"So you want to hack on the Rust compiler?", a plan for a book


#1

In my previous post, I talked about the idea of drafting a “Rust Compiler Book”. I wanted to talk about how we might go about this. I think there are a few interesting questions to discuss:

  1. Where to host the book?
  2. How to describe and delegate the work?

Where to host the book

Currently, we have documentation scattered about in various places:

There are some pros/cons to each setup. I think that the README files and things are quite scattered and I have the feeling that many people do not find them. On the other hand, the forge appears to be even less well known.

I think what I want is, to some extent, neither of those things. I think I would prefer a “Rust Contributor’s Book” that is structured using rustbook – like the Rust book itself – so that there is a clear table of contents down the left-hand side.

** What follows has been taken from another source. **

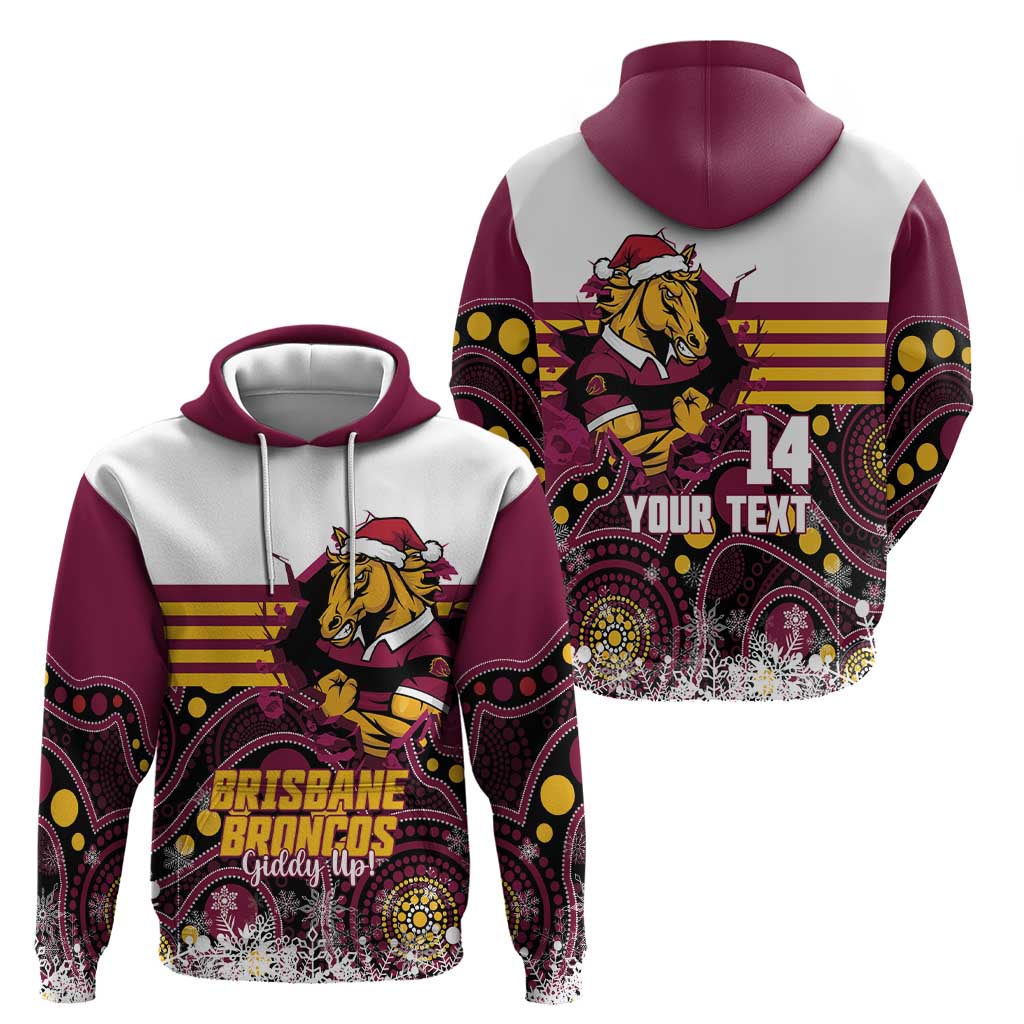Custom Broncos Rugby Christmas Hoodie Brisbane Giddy Up Aboriginal Art - Aussie Hoodie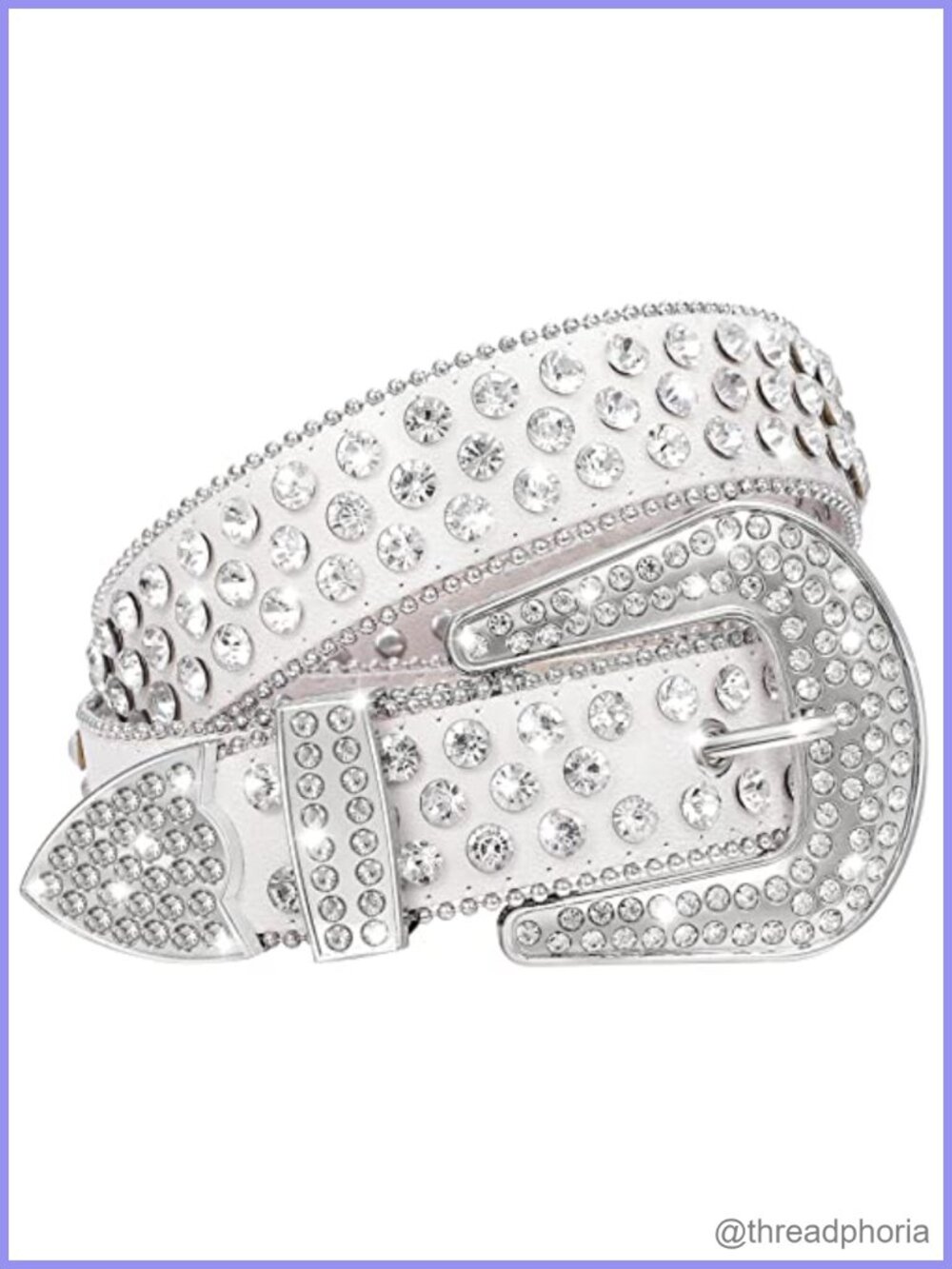 Western Rhinestone Studded Belt with Removable Buckle for Jeans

I anticipate that people will want to skim around and jump to sections of interest.

Same repo or a different repo?

One of the motivations for having README.md files was so that edits to those files could be done “atomically” in the same PR that changes the code. I also thought people would discover the comments more naturally.

I think that the discoverability of a “book form” is much higher than the READMEs. We can always have links in any given module that direct you to the appropriate chapter in the book:

//! Trait resolution. See the [corresponding chapter from the Rust Compiler Book][c].
//!
//! [c]: ...

But the question still arises whether to have the book in rust-lang/rust or in some other repo. The atomicity of changes is a plus, but I’m not sure how important that is. If we put things in a separate repo, then we don’t have to block on bors, which is also a plus. Ultimately, I am inclined towards a separate repo.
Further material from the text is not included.